So we waited, and waited. That stale putrid recyclable air making me more nauseous as the minutes became clusters of five, ten, twenty, an hour...

Straddled between Kennigton and Oval on the Northern Line our carriage whirled deafeningly at a standstill. We Brits (odd, how would I know) can be a stoic bunch. No agitation, no unrest, a flapping of papers as the free tabloids were combed through for the umpteenth time - that's it.

Any news that was forthcoming was eviscerated through a decrepit comms way fighting to be heard above the recyclable air din. Brits don't do public information well. Presumably, that rests with the discretion of the train's driver. So finally after 40 minutes a figure came bounding through our carriage.

" Sorry, the train in front of us is broken down. I don't know how long it's going to take. I have no idea when we're going to move". If you stared hard enough wincing you'd swear this was said said with a pinch of alacrity. Probably his three scores and something hold up this year. I'm being unfair. But when you've unwanted time on your hands, going no where, having reread David Beckam's success at Real Madrid and columnist Gary Bushell standing for Mayor, your mind begins to race filling its wake with all sorts.

The man to my right, a young looking Amitav Bachan in Burning Train is besuited and calm. The man in front of me whose gaping akimbo legs intrude on the space of the next passenger shifts ocassionally. The woman to his right is flying through her crossword. That's a lot of crosswords; she's pulled out what appears to be a book resplendent with checkered black and white squares waiting to be defaced. The man seated next to me swears once underneath his breath once and that was that.
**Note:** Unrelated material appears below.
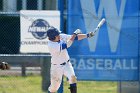 Baseball vs MIT  Wheaton College Baseball vs MIT during Semi final game of the NEWMAC Championship hosted by Wheaton. - (Photo by Keith Nordstrom) : Wheaton, baseball, NEWMAC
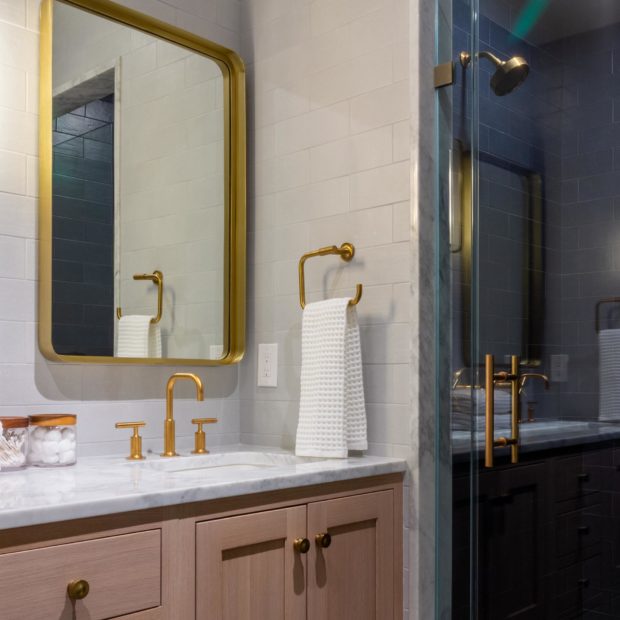 Contemporary Bathroom Remodel in Washington, DC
A group of people gesture to the driver, twirling their fingers and pointing to the tannoy: "we can't hear you". "Uh" was his reply. You can bet tomorrow he'll soldier on pillow talking into the system. I'm just the train driver guv.
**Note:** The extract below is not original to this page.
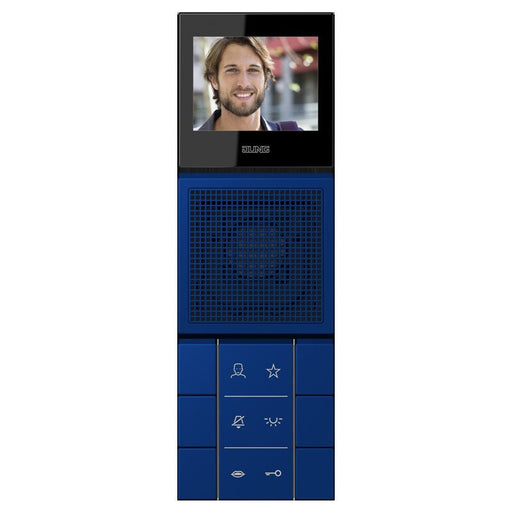 Jung - Innenstation für Türkommunikation SIB Video-Innenstation SI VI LC 627 261 LS 4320T − 1 Stück by Jung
But then we did start to move. That tannoy message woman who announces in that courteous voice as if she wears pearls to bed says the train will start to move then stop suddenly. Hold the **** onto something. No she didn't say **** .
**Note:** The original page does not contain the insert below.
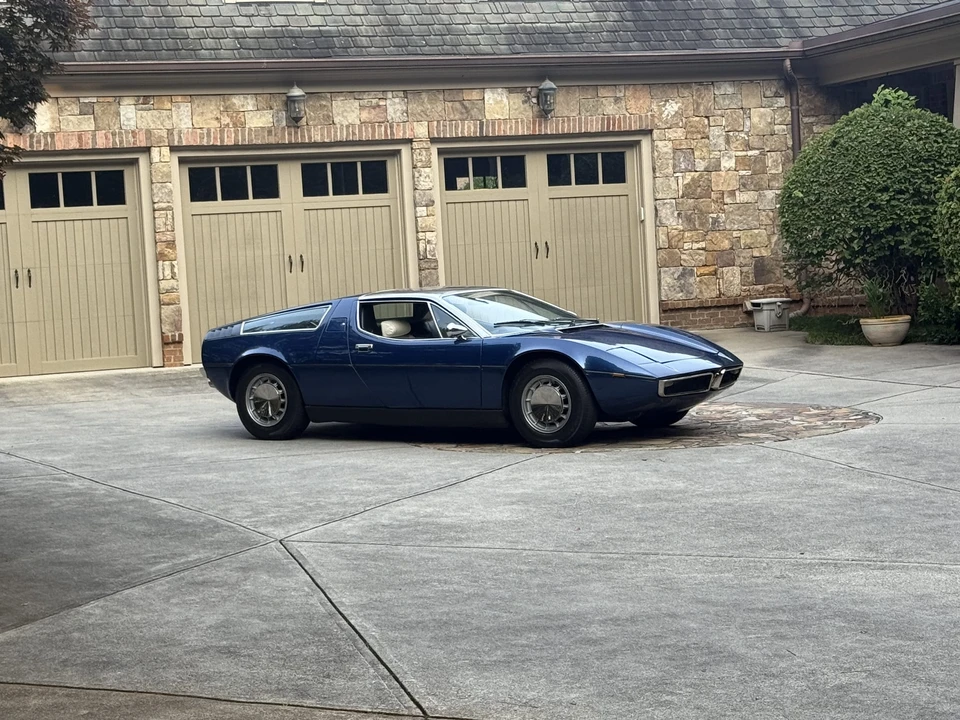 1972 Maserati Bora - Image 8 of 31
The crossword woman looks up catching my eyes and opposite passenger and smiles one of those knowing smiles like its all over. Not quite.

More waiting, more juddering. By now I'm parched. I can see a bottle of water in Crossword woman's bag, but I daren't ask. Civility reigns. This must happen a lot because no one's kicking up a fuss; it's been an hour so far enough time to make the aquaintance of the person next to you, share in what you have in common that moment - angst.

Not a bit of it, at least in our carriage. Finally, finally we're moving at speed. It is 7.40, 8.10 I can't remember now. My brain's turned to mush.

When the doors fly open at oval attracting a sudden gush of wind the relief etched on faces is visible. Fire fighters and police bound on speaking, fighting the whirl again. I still can't hear you and neither can all the passengers to my left who've all lurched forward.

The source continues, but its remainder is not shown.